------ DATA PROVIDED ------

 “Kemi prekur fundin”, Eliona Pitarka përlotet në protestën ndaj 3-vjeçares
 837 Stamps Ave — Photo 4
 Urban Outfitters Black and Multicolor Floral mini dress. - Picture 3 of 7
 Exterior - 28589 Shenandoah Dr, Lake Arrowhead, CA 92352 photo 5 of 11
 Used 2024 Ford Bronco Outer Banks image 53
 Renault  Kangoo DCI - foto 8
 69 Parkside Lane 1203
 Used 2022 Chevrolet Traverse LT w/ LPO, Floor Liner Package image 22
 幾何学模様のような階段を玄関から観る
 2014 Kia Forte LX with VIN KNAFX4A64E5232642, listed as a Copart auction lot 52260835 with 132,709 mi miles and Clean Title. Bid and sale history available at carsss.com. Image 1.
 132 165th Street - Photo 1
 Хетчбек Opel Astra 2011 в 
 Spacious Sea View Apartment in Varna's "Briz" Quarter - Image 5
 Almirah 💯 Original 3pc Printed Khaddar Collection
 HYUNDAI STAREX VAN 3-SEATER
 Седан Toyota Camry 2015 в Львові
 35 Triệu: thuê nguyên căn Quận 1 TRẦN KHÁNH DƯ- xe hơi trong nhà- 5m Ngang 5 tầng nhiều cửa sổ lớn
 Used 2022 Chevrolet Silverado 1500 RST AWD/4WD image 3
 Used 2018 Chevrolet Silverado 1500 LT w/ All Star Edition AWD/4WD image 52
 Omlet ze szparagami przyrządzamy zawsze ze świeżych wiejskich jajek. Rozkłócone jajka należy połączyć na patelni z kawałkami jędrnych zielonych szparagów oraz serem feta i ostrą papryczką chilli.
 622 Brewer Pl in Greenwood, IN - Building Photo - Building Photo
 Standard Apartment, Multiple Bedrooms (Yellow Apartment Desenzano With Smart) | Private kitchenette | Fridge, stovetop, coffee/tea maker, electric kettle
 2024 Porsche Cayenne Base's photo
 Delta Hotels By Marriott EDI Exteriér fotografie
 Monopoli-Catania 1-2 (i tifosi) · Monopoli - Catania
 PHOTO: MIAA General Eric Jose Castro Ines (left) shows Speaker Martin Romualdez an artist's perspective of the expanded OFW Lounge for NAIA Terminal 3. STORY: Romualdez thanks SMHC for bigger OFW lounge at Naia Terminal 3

------

=== TASK TO COMPLETE ===
Reply with an exact copy of the lines running from the one containing "35 Triệu: thuê" through the end of the entries above, both ends included.

=== OUTPUT FOR THIS TASK ===
 35 Triệu: thuê nguyên căn Quận 1 TRẦN KHÁNH DƯ- xe hơi trong nhà- 5m Ngang 5 tầng nhiều cửa sổ lớn
 Used 2022 Chevrolet Silverado 1500 RST AWD/4WD image 3
 Used 2018 Chevrolet Silverado 1500 LT w/ All Star Edition AWD/4WD image 52
 Omlet ze szparagami przyrządzamy zawsze ze świeżych wiejskich jajek. Rozkłócone jajka należy połączyć na patelni z kawałkami jędrnych zielonych szparagów oraz serem feta i ostrą papryczką chilli.
 622 Brewer Pl in Greenwood, IN - Building Photo - Building Photo
 Standard Apartment, Multiple Bedrooms (Yellow Apartment Desenzano With Smart) | Private kitchenette | Fridge, stovetop, coffee/tea maker, electric kettle
 2024 Porsche Cayenne Base's photo
 Delta Hotels By Marriott EDI Exteriér fotografie
 Monopoli-Catania 1-2 (i tifosi) · Monopoli - Catania
 PHOTO: MIAA General Eric Jose Castro Ines (left) shows Speaker Martin Romualdez an artist's perspective of the expanded OFW Lounge for NAIA Terminal 3. STORY: Romualdez thanks SMHC for bigger OFW lounge at Naia Terminal 3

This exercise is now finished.